Please reproduce all of the data below exactly, leaving each picture out.

[Provided data]

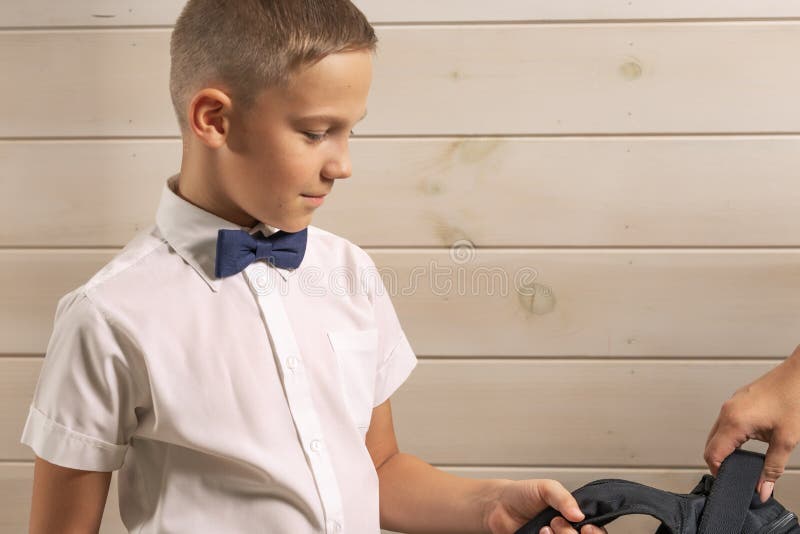 Ein 10-jähriger Junge bereitet sich für Schule nach einer langen Sommerpause vor Zur?ck zu Schule lizenzfreie stockfotografie Ein 10-jähriger Junge bereitet sich für Schule nach einer langen Sommerpause vor Zur?ck zu Schule lizenzfreie stockfotografie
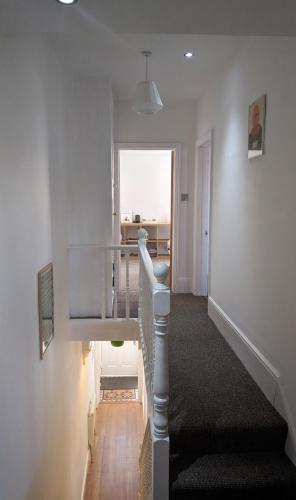 Victoria House - image 7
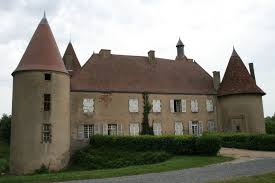 Chateau De La Foret De Viry Auvergne France Le Manoir Auvergne Paysage Auvergne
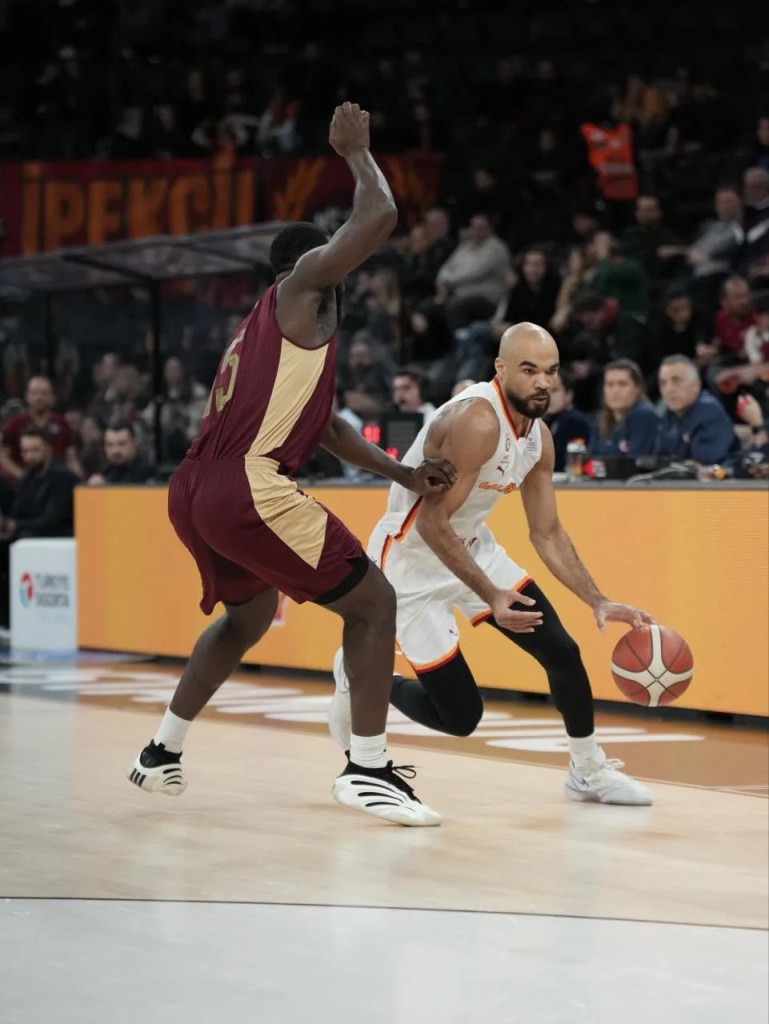 Galatasaray Evinde Trabzonspor'a Yenildi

[/Provided data]

Answer to this problem >>
 Ein 10-jähriger Junge bereitet sich für Schule nach einer langen Sommerpause vor Zur?ck zu Schule lizenzfreie stockfotografie Ein 10-jähriger Junge bereitet sich für Schule nach einer langen Sommerpause vor Zur?ck zu Schule lizenzfreie stockfotografie
 Victoria House - image 7
 Chateau De La Foret De Viry Auvergne France Le Manoir Auvergne Paysage Auvergne
 Galatasaray Evinde Trabzonspor'a Yenildi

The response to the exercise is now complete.